Autumn is my favorite season. I’ve been looking forward to this time of year…well, all summer. As the temperatures dropped and the leaves began to change color, I could feel excitement, enthusiasm, and energy building inside of me. As I type this, I’m sitting at the desk in our office at home, the window in front of me open, the best weather I can imagine drifting in.

So it’s particularly frustrating that I’ve suddenly been hit by a wave of depression. Since Tuesday, I’ve wanted nothing more than to hide from the world, curl into a ball, and cry about…nothing. I’ve been getting persistent headaches. The things that usually make me happy aren’t making me that happy. I feel sad, bored, frustrated, useless.
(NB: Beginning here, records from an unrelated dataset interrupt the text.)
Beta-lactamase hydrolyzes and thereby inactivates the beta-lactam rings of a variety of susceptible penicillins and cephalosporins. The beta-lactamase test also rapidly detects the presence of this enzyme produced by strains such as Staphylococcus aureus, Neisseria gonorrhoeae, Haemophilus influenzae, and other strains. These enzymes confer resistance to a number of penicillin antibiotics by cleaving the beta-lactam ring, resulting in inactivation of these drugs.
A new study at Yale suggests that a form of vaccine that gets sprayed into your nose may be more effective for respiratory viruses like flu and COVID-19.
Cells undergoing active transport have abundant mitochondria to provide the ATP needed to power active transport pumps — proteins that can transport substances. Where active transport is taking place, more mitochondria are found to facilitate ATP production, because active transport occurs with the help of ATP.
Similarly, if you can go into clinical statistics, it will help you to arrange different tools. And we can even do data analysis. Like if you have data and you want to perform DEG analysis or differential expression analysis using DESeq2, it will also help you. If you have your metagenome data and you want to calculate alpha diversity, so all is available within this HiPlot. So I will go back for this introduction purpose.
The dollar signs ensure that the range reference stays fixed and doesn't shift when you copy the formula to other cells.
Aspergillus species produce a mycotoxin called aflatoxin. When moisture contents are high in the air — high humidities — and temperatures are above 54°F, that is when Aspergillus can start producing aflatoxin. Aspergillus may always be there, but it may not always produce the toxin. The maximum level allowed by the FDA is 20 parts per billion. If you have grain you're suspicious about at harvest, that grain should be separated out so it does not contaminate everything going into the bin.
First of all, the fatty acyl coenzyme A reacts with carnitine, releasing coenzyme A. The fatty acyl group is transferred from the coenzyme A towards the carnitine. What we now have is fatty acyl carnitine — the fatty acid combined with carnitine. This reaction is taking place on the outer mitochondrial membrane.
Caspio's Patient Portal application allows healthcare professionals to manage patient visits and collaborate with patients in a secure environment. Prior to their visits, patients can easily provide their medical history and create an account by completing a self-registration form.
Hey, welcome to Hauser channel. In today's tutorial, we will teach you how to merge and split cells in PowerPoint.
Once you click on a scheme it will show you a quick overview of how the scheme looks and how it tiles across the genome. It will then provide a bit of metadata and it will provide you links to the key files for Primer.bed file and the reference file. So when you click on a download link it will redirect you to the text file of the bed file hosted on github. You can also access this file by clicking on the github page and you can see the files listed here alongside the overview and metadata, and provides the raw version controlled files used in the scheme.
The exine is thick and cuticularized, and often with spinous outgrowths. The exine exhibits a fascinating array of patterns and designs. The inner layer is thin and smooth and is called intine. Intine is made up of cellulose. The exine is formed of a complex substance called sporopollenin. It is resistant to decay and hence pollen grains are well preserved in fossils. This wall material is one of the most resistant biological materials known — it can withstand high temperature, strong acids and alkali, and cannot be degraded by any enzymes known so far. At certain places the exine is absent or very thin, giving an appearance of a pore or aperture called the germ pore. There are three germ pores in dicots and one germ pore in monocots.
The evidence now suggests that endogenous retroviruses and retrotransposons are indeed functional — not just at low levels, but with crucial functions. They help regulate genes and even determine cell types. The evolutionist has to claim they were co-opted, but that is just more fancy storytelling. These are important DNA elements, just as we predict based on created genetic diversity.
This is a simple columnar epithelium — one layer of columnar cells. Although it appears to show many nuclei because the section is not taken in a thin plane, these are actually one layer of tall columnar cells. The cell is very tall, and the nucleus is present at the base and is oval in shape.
I’m doing my best to take it easy on myself, not push myself too hard to “suck it up and deal.” My new work position involves a lot of moving around and interacting with people, which definitely helps. And I keep reminding myself that (and this is important for everyone to remember, so I’m making this big and bold) DEPRESSION LIES. I might feel like I suck and that nothing I do is worth doing, but I’m also consciously aware that this isn’t true.

If anyone else out there is dealing with something similar right now, remember that this is temporary. It sucks, but it doesn’t last. And you’re not alone. We’re all in this together.